Les tapisseries sont le motif dominant dans son exposition, des tapisseries politiques, qui sont dans la lignée des tapisseries historiques contant les exploits du pouvoir, il n’y a qu’à regarder celle de Bayeux (XIe siècle) ; on pense aussi aux tapis de guerre afghans réalisés durant l’invasion soviétique de 1979, ornés de kalachnikovs AK47, de chars ou d’avions Mig21. Serge Ecker expose plusieurs corpus de ces objets alliant haute technologie – les tapisseries sont réalisées par une machine à tricoter hackée par Victoria Pawlik (Electronic & Textile Institute, Berlin), capable de reproduire des images aux codes binaires –, imagerie politique et matérialité séductrice. Il joue sur la dialectique dur / mou, haute technologie / artisanat pour les frontières, mais aussi des architectures désuètes, comme feu le Hadir Tower de Differdange, une piscine abandonnée à Esch-Alzette ou l’île déserte de Hashima au Japon. En synthétisant et en déconstruisant le réel, il crée ainsi des images réduites jusqu’au minimalisme de codes couleurs et d’éléments géométriques. « Je crée des objets et des images qu’on peut exposer » est la définition a minima que Serge Ecker fait de son propre travail, se réjouissant que son métier principal, celui de réaliser des maquettes et objets en impression 3D, notamment pour des architectes, mais aussi pour des musées, des artistes (comme récemment pour Sébastien Cuvelier et Filip Markiewicz) et tout autre client, avec sa société Grid Design, lui permet de vivre et lui assure cette liberté créatrice qui fait qu’il ose être impertinent comme peu d’autres au Luxembourg.
Serge Ecker, 33 ans aujourd’hui, a commencé à se faire un nom avec ses collages photos joyeusement subversifs, détournant ou commentant l’actualité politique, comme Lux>PVG en 2010, une photo panoramique sur la ville côté Pétrusse sur laquelle on voit décoller la Gëlle Fra comme une fusée – un commentaire sur les grandes discussions ayant entouré le voyage du monument de Claus Cito à l’exposition universelle à Shanghai. Steph Meyers des Rotondes découvre l’image diffusée par cartes postales et l’invite à réaliser Visit Luxembourg, une série de tels collages qui seront distribués à Hollerich.

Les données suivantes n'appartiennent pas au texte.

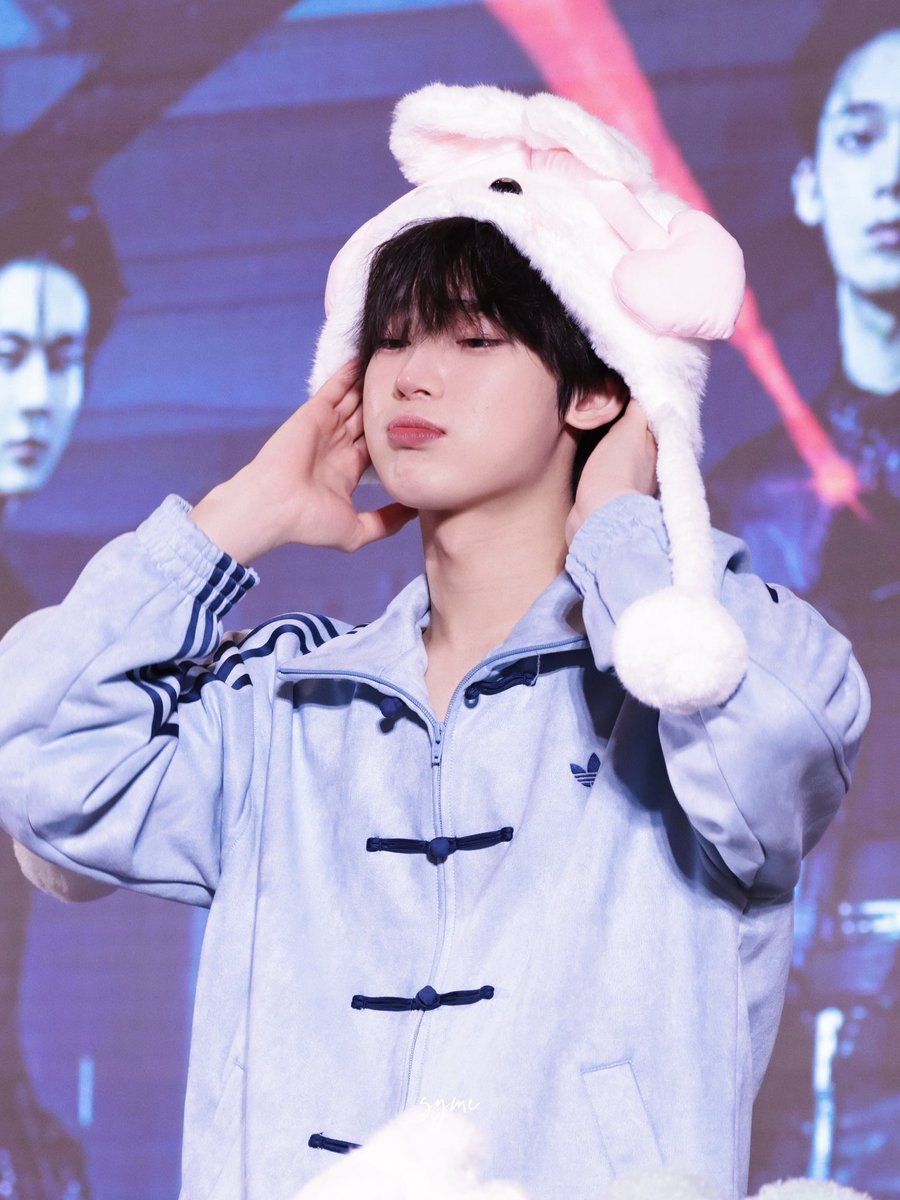 iamnotuu tweet media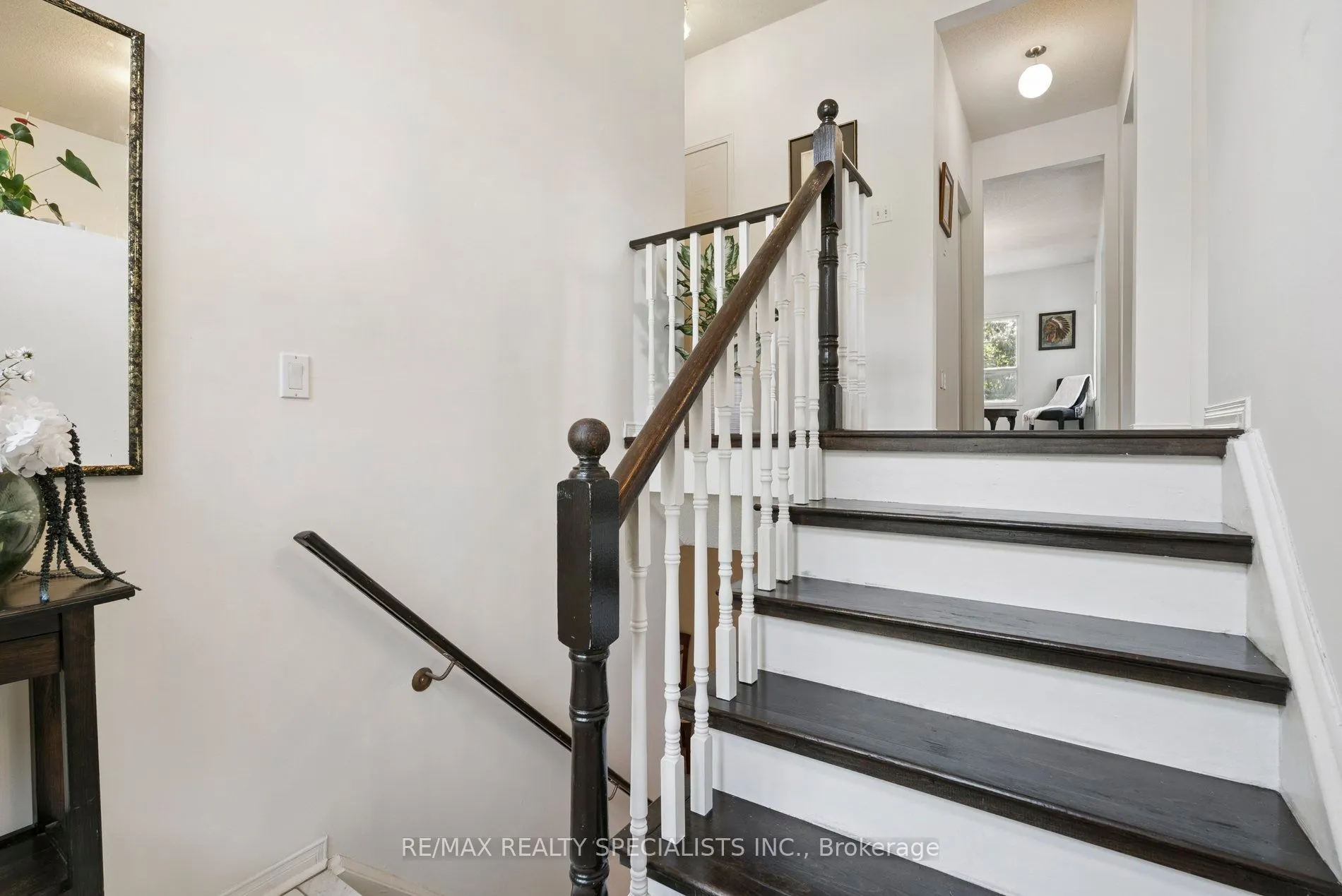 8 Brouwer Crescent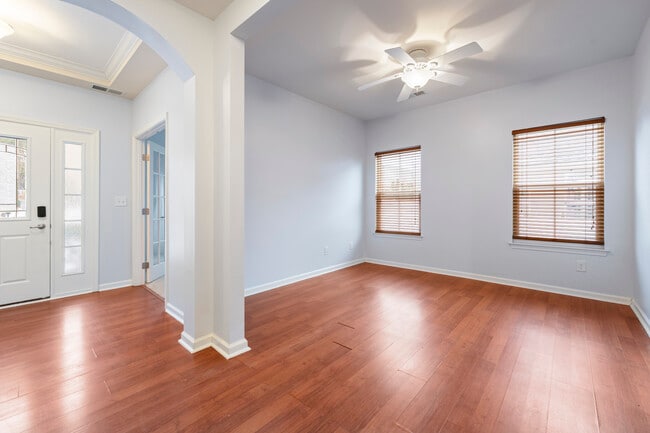 Building Photo - 586 Harrison Dr NW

Suivront des couvertures pour le mensuel Forum, notamment sur le thème du paradis fiscal : Paradise Lost, 2013, un Luxembourg à la végétation tropicale (rappelant les collages de Bert Theis), ou Luxembeach, 2013, la ville transplantée sur une île (Toutes les images de cette série sont consultables sous : www.visitluxembourgcity.lu).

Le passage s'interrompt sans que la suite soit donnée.